**Task details**
Produce the lines from the one containing "Before we begin, make" through the end of the material exactly as they appear, both ends included, and leave the pictures out.

**Exercise data**
======
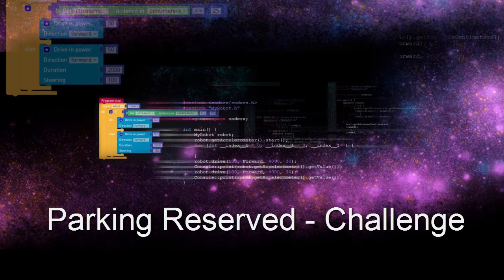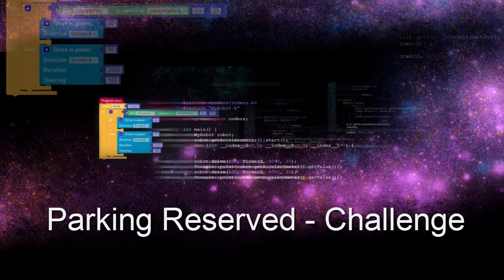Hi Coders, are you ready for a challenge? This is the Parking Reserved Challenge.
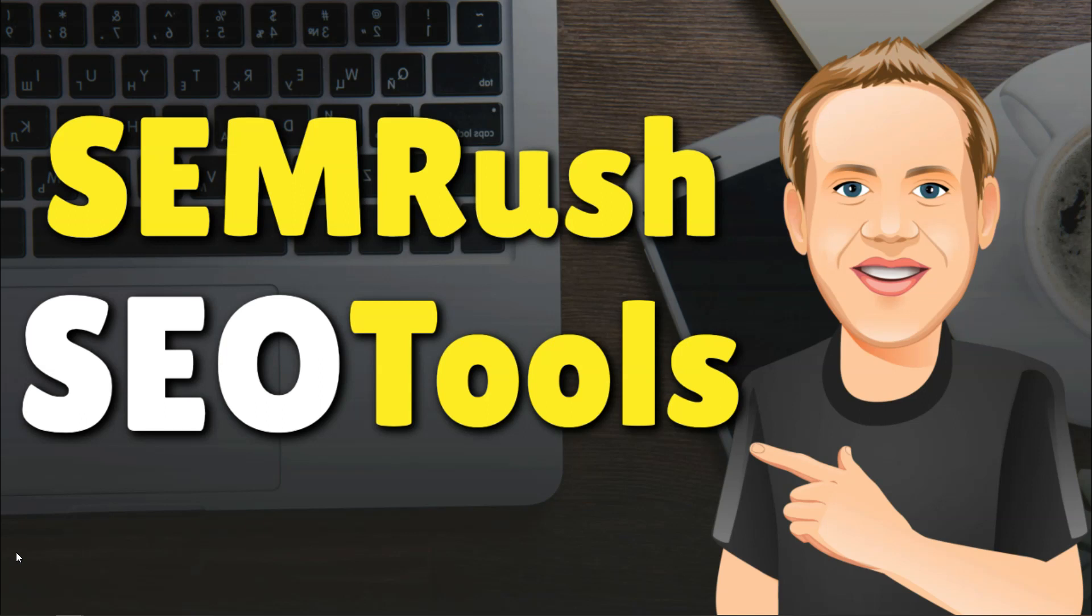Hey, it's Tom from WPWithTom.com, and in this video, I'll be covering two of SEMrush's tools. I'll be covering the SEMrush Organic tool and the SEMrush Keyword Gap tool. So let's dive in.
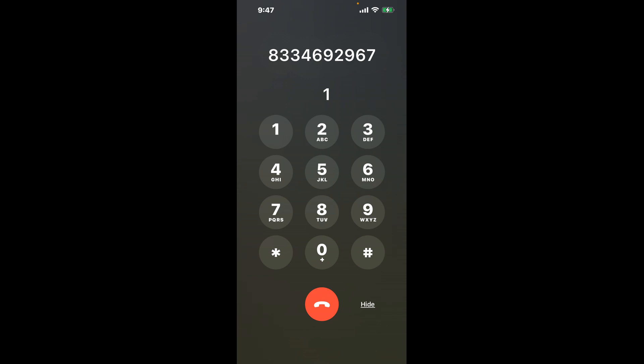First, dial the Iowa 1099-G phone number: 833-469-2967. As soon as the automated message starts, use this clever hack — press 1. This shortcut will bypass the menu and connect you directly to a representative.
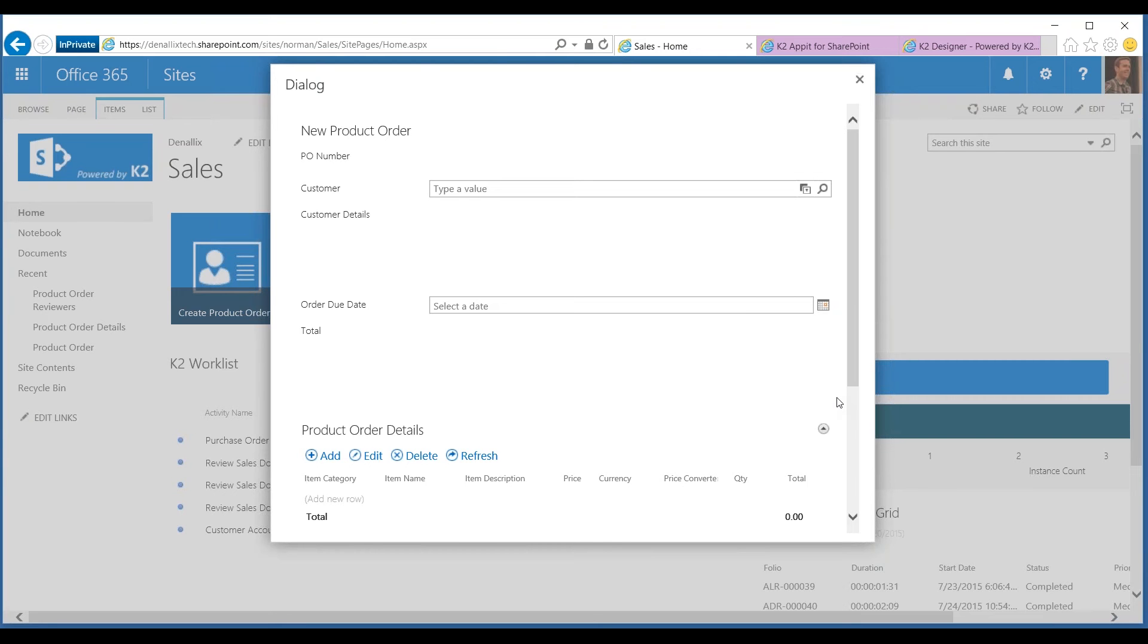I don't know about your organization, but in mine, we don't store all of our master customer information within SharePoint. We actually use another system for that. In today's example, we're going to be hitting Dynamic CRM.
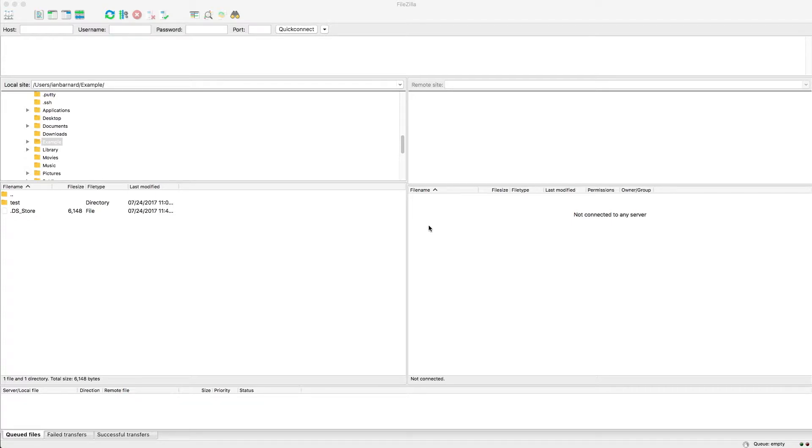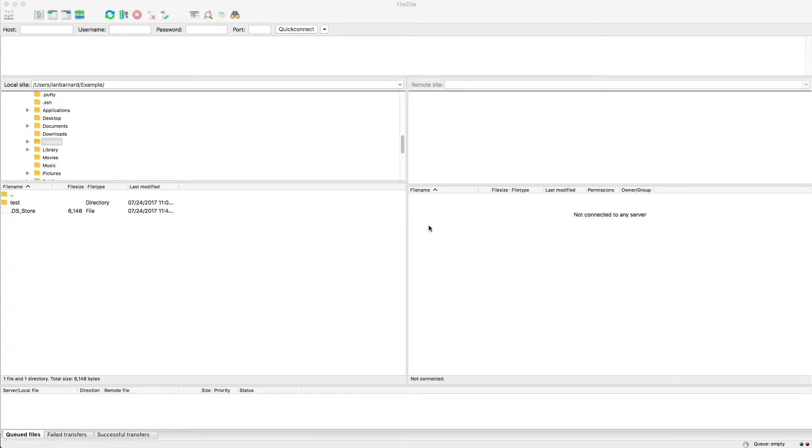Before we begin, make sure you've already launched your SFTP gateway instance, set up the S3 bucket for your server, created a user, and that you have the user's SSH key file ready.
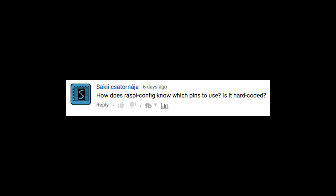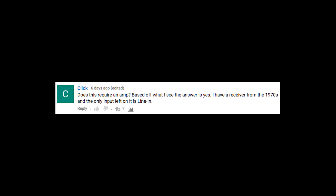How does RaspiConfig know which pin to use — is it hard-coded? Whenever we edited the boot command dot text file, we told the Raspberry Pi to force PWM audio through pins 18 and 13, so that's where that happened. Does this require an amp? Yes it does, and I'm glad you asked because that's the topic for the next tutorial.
======
**Expected output**
Before we begin, make sure you've already launched your SFTP gateway instance, set up the S3 bucket for your server, created a user, and that you have the user's SSH key file ready.
How does RaspiConfig know which pin to use — is it hard-coded? Whenever we edited the boot command dot text file, we told the Raspberry Pi to force PWM audio through pins 18 and 13, so that's where that happened. Does this require an amp? Yes it does, and I'm glad you asked because that's the topic for the next tutorial.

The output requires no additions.